Connect with us

Reviews

[REVIEW] Chattanooga Film Fest 2024: ‘The UFO’s of Soesterberg’ (2023) Is Out Of This World

The UFO’s of Soesterberg is a documentary that follows many people in the town of Soesterberg in the Netherlands. Director Bram Roza chronicles the sightings of UFOs throughout the town in 1979 while putting the majority of the focus on the soldiers of the Soesterberg Air Base who witnessed a large black triangular UFO in the sky.

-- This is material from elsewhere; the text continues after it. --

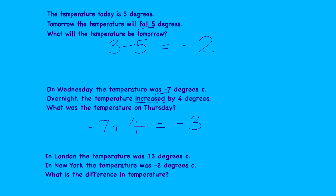The third question: in London the temperature was 13 degrees Celsius, in New York the temperature was minus two degrees Celsius — what is the difference in temperature? Sketching a quick number line with 13 at one end, minus two at the other, and zero roughly in between: from 13 to zero is 13, and from zero to minus two is two, so altogether the difference in temperature is 15 degrees. Well done — if you made mistakes, rewind and review the teaching points.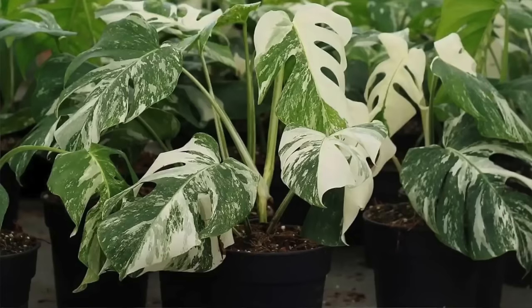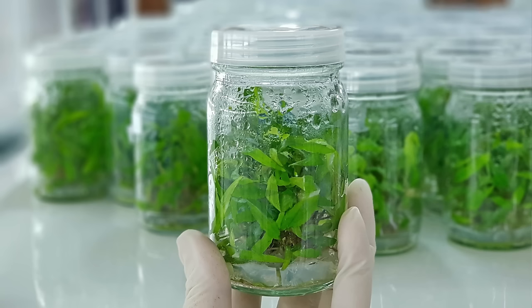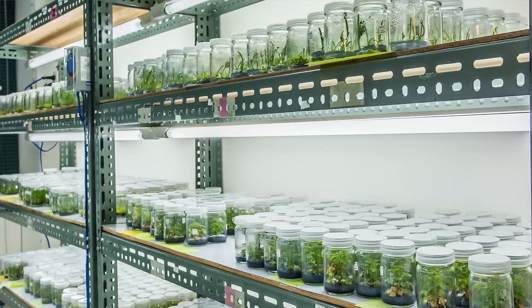Tissue culture allows you to create massive quantities of genetically identical plants from one very small piece of plant tissue, or even a single cell. You can basically create infinite plants and keep cloning them over and over. You could create a million plants if you wanted to. The power is yours.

Told through talking heads, UAP site visits, and gorgeous hand-drawn animations, this documentary tells the truths of the residents of Soesterberg in a way that feels fresh and unique.

Published

on

The idea of Ufology, and aliens/intelligent life from beyond our galaxy, has long intrigued me. I have always humored the idea, but it wasn’t until a recent UAP sighting that the tiny bit of skepticism I had flew out the window. Recently, I interviewed United States Air Force veteran Jeremy McGowan, who had a life-changing UAP encounter in the Jordanian desert in the 90s while on assignment. One thing we discussed, which is also the idea surrounding a documentary McGowan was in called Alien Endgame, was the possibility that there are more UAP encounters around areas storing nuclear items. The UFO’s of Soesterberg contributes even more to that truth.

A Look at the Sightings in Soesterberg, Netherlands

The UFO’s of Soesterberg is a documentary that follows many people in the town of Soesterberg in the Netherlands. Director Bram Roza chronicles the sightings of UFOs throughout the town in 1979 while putting the majority of the focus on the soldiers of the Soesterberg Air Base who witnessed a large black triangular UFO in the sky. Told through talking heads, UAP site visits, and gorgeous hand-drawn animations, this documentary tells the truths of the residents of Soesterberg in a way that feels fresh and unique.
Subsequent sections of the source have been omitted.